Greer, of Kansas City, Mo., has been successful in a wide variety of academic, professional and personal settings. Majoring in English education and an individually designed major in Spanish secondary education, she has been involved as resident assistant, assistant hall manager, and hall manager in residence life, an inducted member of Wisconsin-Superior’s chapter of the English honor society, Sigma Tau Delta, and served as a student advisor in Residence Hall Association. Greer is a bachelor of arts degree candidate with Summa Cum Laude honors. Following graduation, Greer will teach Spanish to Luck (Wis.) School District students in grades 7-12 and exploratory classes to younger students.
Robinson is a double major in communications – digital cinema track, and sociology. He has served as president for the past two years of the Black Student Union and has acted as a leadership mentor through the Office of Multicultural Affairs. A McNair scholar, he is also a member of Wisconsin-Superior’s Sociology and Anthropology Club. Off campus, Robinson has been involved with the NAACP. He is a bachelor of science degree candidate with Magna Cum Laude honors. Robinson, of Minneapolis, will continue his education with graduate studies at the University of Minnesota Duluth.
- After completing with other sixth-, seventh- and eighth-graders, Chase Baumgarten and Colin McShane, sixth-graders at Stella Maris Academy in Duluth, were selected to represent Minnesota at the National History Day Contest at the University of Maryland, College Park, in June. Of 27,000 participants in Minnesota, they were among 64 students advancing to nationals where they will meet and compete with students from across the United States as well as Guam, American Samoa, Europe and Asia.
- John Nipp and Beth Payne recently participated in the Northeast Minnesota Regional Science Fair at the University of Minnesota Duluth. They received first place for their project “Blocking Radiation.” They also received best overall chemistry project at the event. They competed at the State Science Fair in the Twin Cities in April and received honorable mention. Nipp and Payne are both seniors at Lakeview Christian Academy.
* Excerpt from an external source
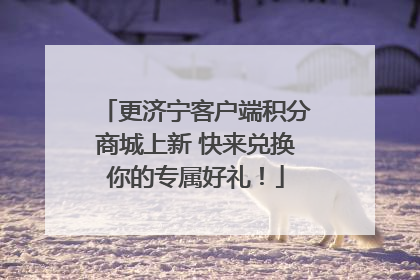 更济宁客户端积分商城上新 快来兑换你的专属好礼！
- Katrina Ziells, a Cloquet Senior High School senior, was honored Jan. 27 at the Science Museum of Minnesota’s Native American Science Fusion Series events. This award is given to a Minnesota Native American high school student that has shown exceptional achievement and or passion for a STEM (science, technology, engineering or math) related field of study, in or outside of the classroom. Ziells was nominated by her research teacher/mentor Dr. Cynthia Welsh. Ziells was given special assistance on her project/paper — titled “The correlation between video game/screen time usage and academic performance, visual-spatial skills and attention span” — from Dr. Nicole Nowak-Saenz, behavioral science professor from the College of St. Scholastica, and William Bauer, Cloquet Schools Technology Specialist. Katrina’s research looks at the effects of video game playing and screen time, while also incorporating a measure of 3D mental rotation, combined with a novel online Stroop effect test. Ziells presented this project at the MN Academy of Science State Science Fair in April and her paper at the Junior Science & Humanities Symposium on March 24.
Cloquet Middle School teachers William Bauer, Lindsey Gallaher and Dr. Cynthia Welsh, along with 11 Cloquet Middle School students Zach Line, Joseph Peterson, Frankie Halverson, Jordyn Rahkola, Anna Berg, Macie Majerle, Aili Buytaert, Shaydon Thompson, Aaliyah Finch, Timber Latvala, and Tanner Byard presented their research at the Science Museum of Minnesota on Jan. 27.